Work order: Going down the listing below, print exactly each line from the one with "The share card" up to and including the one with "Memory Foam Trifold", and skip the rest.

Records:
= = = =

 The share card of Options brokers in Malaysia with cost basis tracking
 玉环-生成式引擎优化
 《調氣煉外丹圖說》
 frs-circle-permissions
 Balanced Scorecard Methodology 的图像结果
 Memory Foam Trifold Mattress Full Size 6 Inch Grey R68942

= = = =

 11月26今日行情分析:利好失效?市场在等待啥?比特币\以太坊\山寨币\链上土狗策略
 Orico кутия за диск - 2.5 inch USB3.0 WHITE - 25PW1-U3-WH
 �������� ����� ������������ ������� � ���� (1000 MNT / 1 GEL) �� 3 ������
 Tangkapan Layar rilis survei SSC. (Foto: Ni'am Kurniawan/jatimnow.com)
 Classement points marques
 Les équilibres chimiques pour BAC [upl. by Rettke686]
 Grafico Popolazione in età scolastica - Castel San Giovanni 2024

= = = =

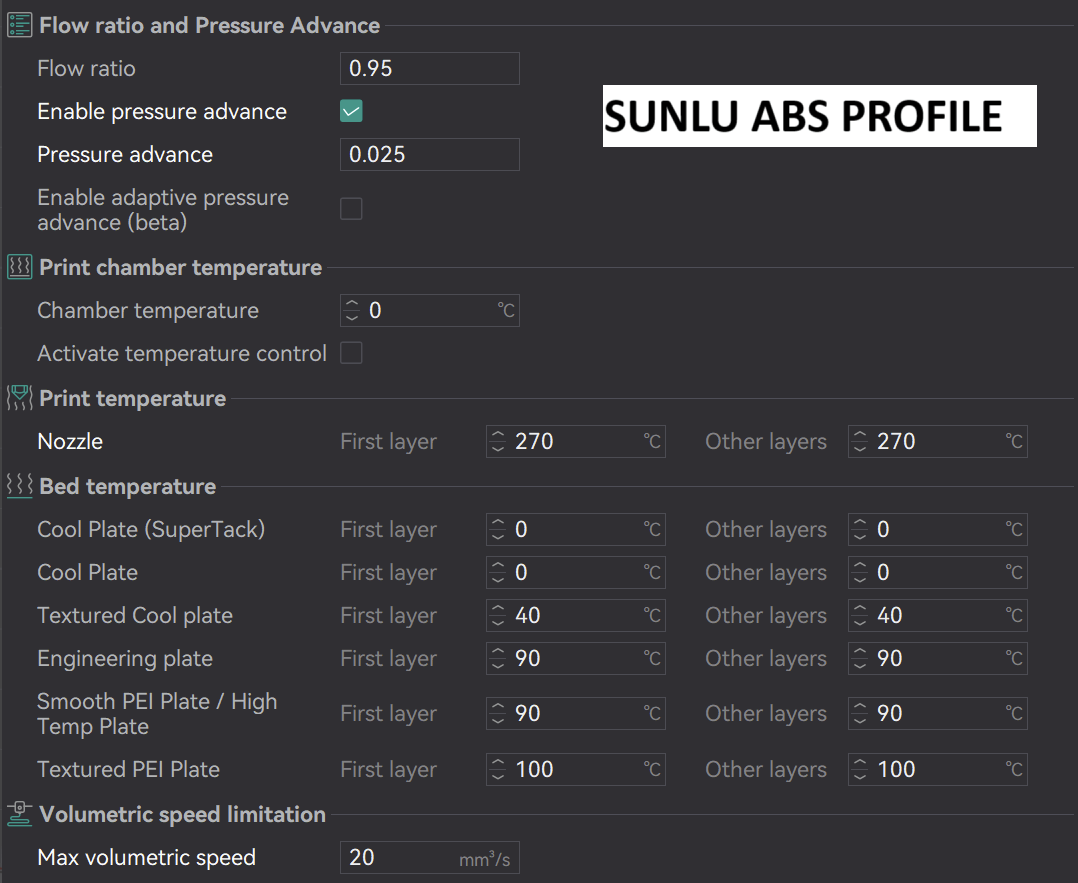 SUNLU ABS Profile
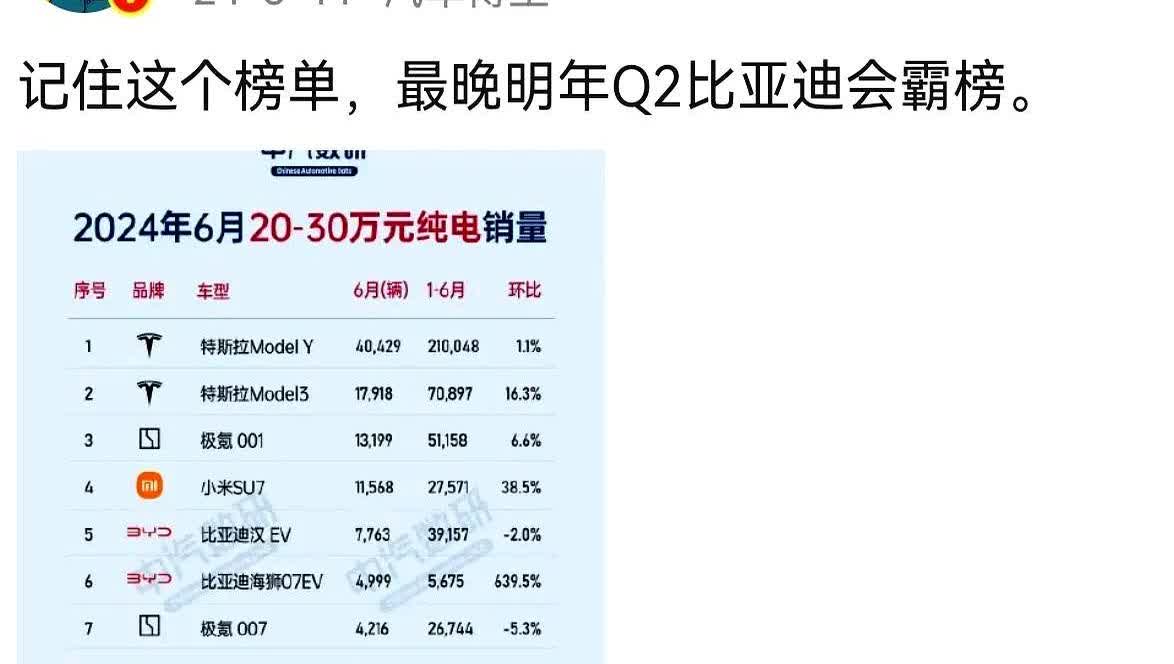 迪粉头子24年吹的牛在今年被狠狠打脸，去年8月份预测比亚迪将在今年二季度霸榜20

= = = =

Solved exercise:
 The share card of Options brokers in Malaysia with cost basis tracking
 玉环-生成式引擎优化
 《調氣煉外丹圖說》
 frs-circle-permissions
 Balanced Scorecard Methodology 的图像结果
 Memory Foam Trifold Mattress Full Size 6 Inch Grey R68942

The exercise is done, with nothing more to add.